LOURDES , about 30km southeast of Pau, has just one function. Over seven million Catholic pilgrims arrive here each year, and the town is totally given over to looking after and exploiting them. Lourdes was hardly more than a village before 1858, when Bernadette Soubirous, the 14-year-old daughter of an ex-miller, had the first of eighteen visions of the Virgin Mary in the so-called Grotte de Massabielle by the Gave de Pau. Since then, Lourdes has grown a great deal, and it is now one of the biggest attractions in this part of France, many of its visitors hoping for a miraculous cure for conventionally intractable ailments.

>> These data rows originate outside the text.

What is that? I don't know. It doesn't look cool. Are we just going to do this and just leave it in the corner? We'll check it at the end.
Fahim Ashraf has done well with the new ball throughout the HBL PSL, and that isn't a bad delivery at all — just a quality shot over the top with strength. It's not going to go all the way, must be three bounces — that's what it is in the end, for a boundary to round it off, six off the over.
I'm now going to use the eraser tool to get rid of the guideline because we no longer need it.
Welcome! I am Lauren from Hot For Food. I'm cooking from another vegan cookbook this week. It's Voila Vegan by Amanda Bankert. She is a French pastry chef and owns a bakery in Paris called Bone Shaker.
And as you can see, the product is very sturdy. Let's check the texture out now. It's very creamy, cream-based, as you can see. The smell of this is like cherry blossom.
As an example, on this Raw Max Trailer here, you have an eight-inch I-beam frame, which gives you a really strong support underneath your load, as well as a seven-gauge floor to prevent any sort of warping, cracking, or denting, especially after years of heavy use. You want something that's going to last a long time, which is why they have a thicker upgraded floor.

The first large-scale pilgrimage took place in 1873, organized by a reactionary Catholic movement called the Assomptionistes , whose avowed purpose was to stem the advancing tide of republicanism and rationalism. They took over the management of Lourdes, shoving aside the local priest who had wanted to organize the pilgrimages himself. Adroit propagandists and agitators, they sought to promote their cause by publishing a cheap mass-circulation paper called La Croix , aimed at the poor and uneducated, and by organizing these massive pilgrimages.

Practically every shop is given over to the sale of indescribable religious kitsch: Bernadette in every shape and size, adorning barometers, thermometers, plastic tree trunks, key rings, empty bottles that you can fill with holy Lourdes water, bellows, candles, sweets and illuminated plastic grottoes. There's even a waxworks museum, the Musée Grévin , at 87 rue de la Grotte (daily: April-Oct 9-11.30am & 1.30-6.30pm; July & Aug also 8.30-10pm), with over a hundred lifesize figures illustrating the lives of Bernadette and Christ. Clustered around the miraculous grotto are the churches of the Cité Réligieuse , an annexe to the town proper that sprang up last century. The first to be built was the flamboyant Basilique du Rosaire et de l'Immaculée Conception (1871-1883), swiftly followed by the massive subterranean Basilique St-Pie-X , which claims to be able to house 20,000 people at a time. The Grotte de Massabielle itself, where Bernadette had her visions, is the focus of the pilgrimages - a moisture-blackened overhang by the riverside with a statue of the Virgin in waxwork white and baby blue.

Lourdes' only secular attraction is its castle , poised on a rocky bluff guarding the approaches to the valleys and passes of the central Pyrenees. Briefly an English stronghold in the late fourteenth century, it later became a state prison. Inside, it houses the surprisingly excellent Musée Pyrénéen (guided visits: April-Sept daily 9-11.45am & 1.30-6.45pm; rest of year daily except Tues 9am-noon & 2-6pm; last tour 1hr before closing; 30F/?4.60). Its collections include Pyrenean fauna, all sorts of fascinating pastoral and farming gear, and an interesting section on the history of Pyrenean mountaineering. In the rock garden outside are some beautiful models of various Pyrenean styles of house, as well as of the churches of St-Bertrand-de-Comminges and Luz-St-Sauveur.